» **Action item**: Print the lines below from the line with "Gerahmter Druck : Junges" to the line with "Les stars de" exactly, keeping both ends, and print no pictures.

» **Source records**:
***

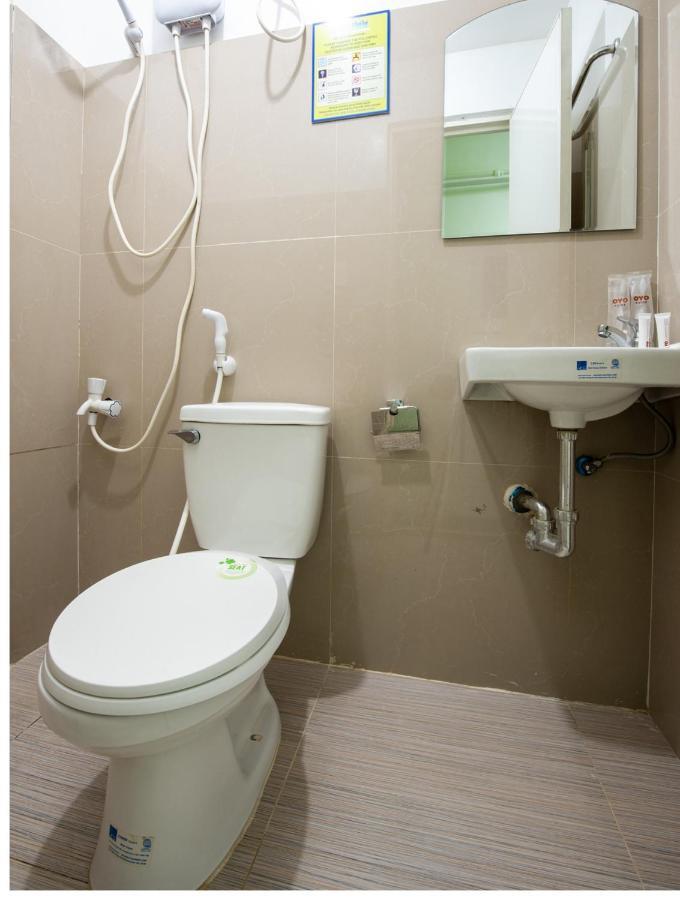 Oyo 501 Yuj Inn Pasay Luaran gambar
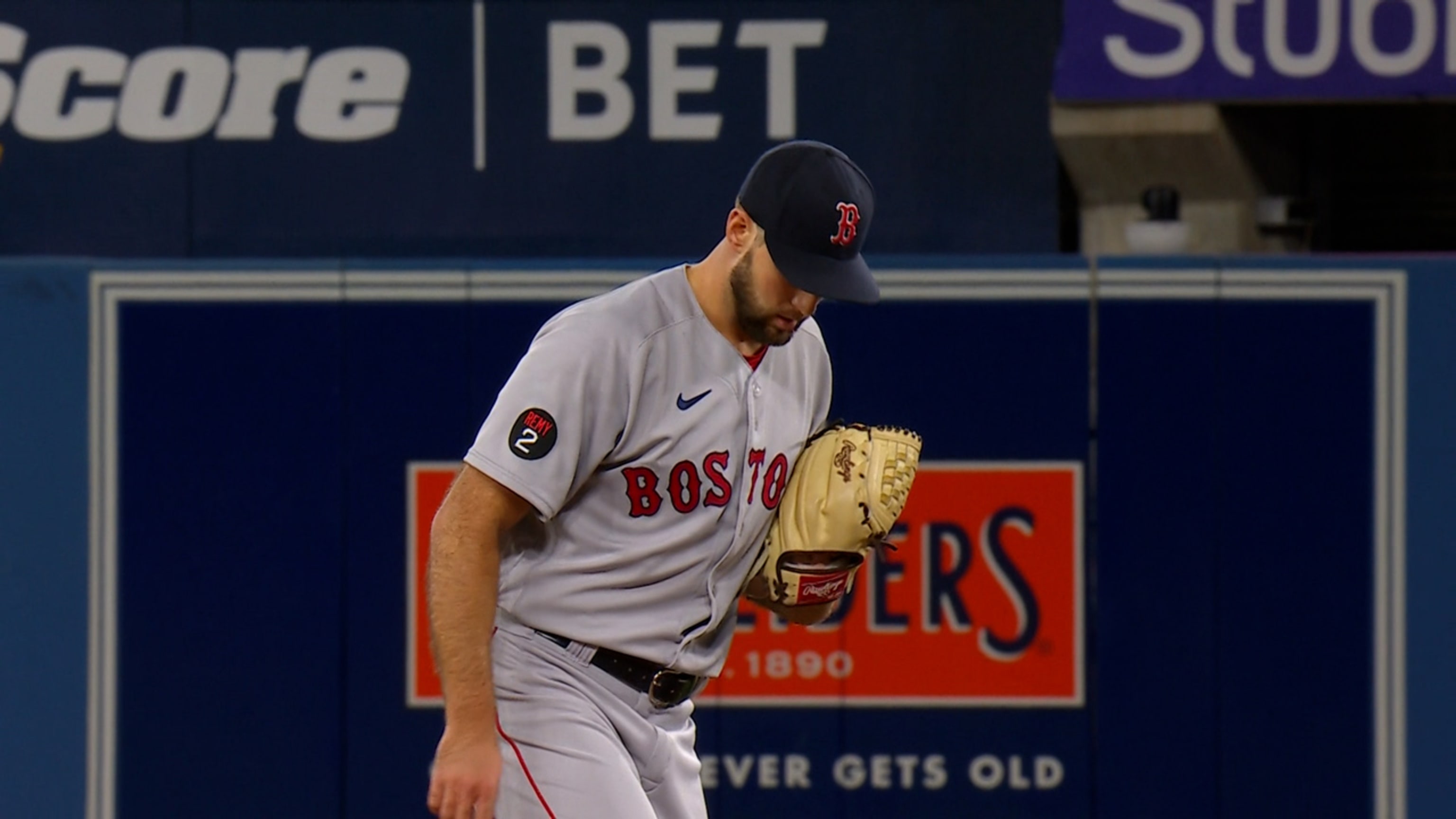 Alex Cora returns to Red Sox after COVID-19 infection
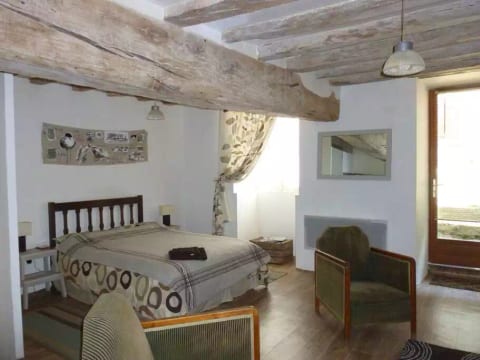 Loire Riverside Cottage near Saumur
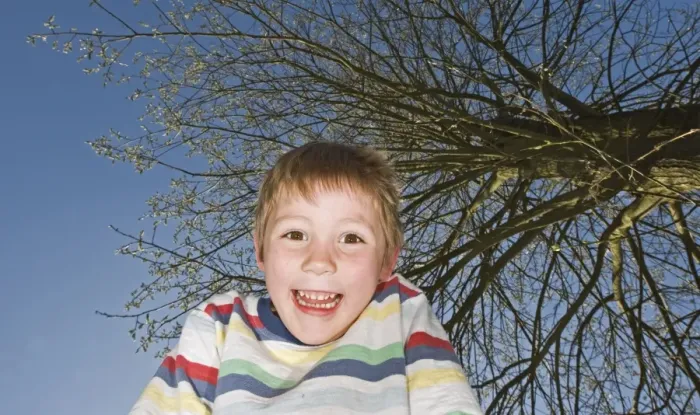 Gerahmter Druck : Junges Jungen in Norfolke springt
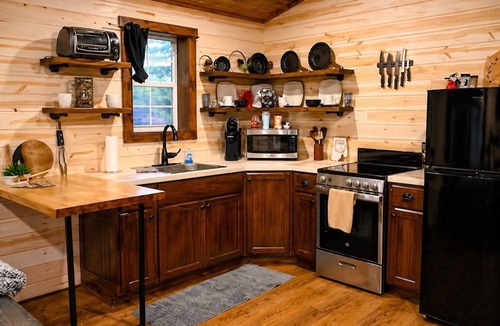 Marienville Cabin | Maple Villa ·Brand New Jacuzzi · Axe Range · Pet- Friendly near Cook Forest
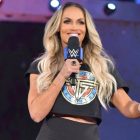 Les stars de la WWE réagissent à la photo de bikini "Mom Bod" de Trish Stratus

***

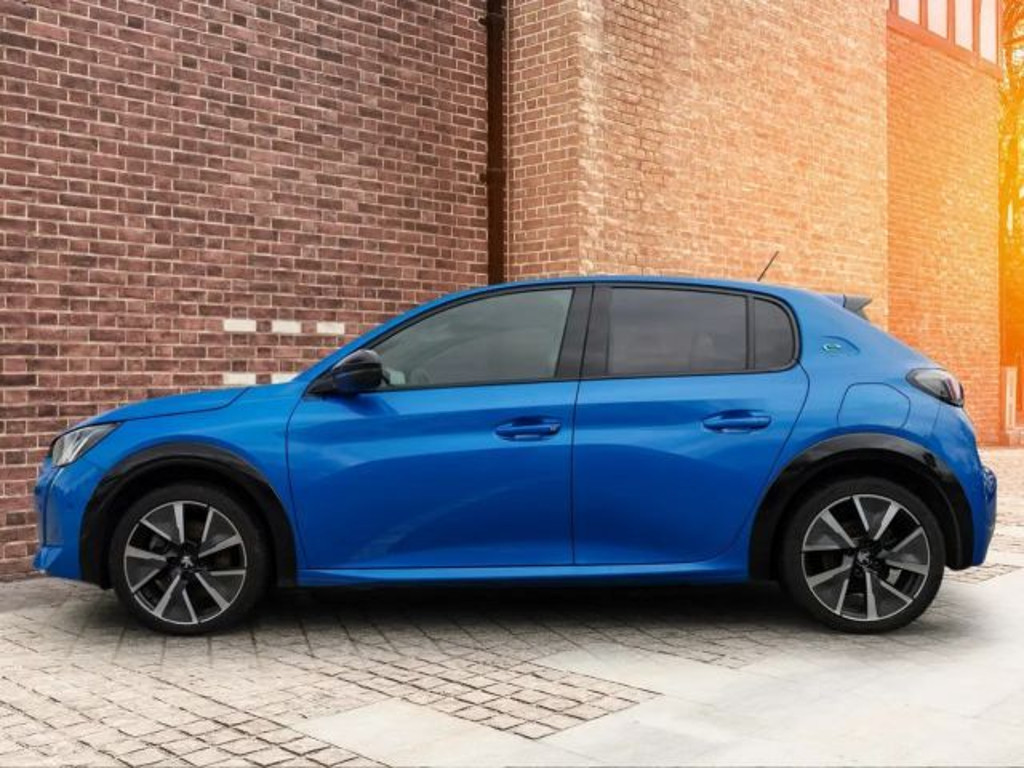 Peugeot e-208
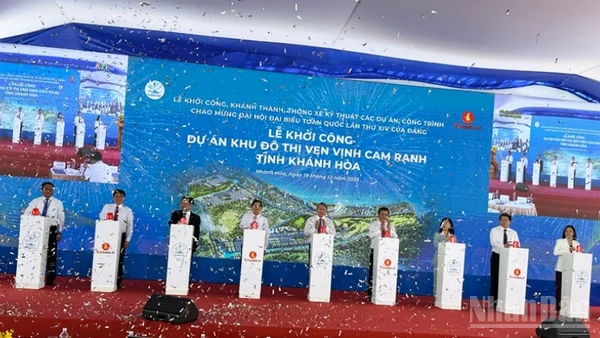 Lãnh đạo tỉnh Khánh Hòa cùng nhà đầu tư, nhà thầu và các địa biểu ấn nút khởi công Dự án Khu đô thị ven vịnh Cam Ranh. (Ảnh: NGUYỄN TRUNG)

***

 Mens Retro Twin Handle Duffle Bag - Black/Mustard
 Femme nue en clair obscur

***

» **Exercise answer**:
 Gerahmter Druck : Junges Jungen in Norfolke springt
 Marienville Cabin | Maple Villa ·Brand New Jacuzzi · Axe Range · Pet- Friendly near Cook Forest
 Les stars de la WWE réagissent à la photo de bikini "Mom Bod" de Trish Stratus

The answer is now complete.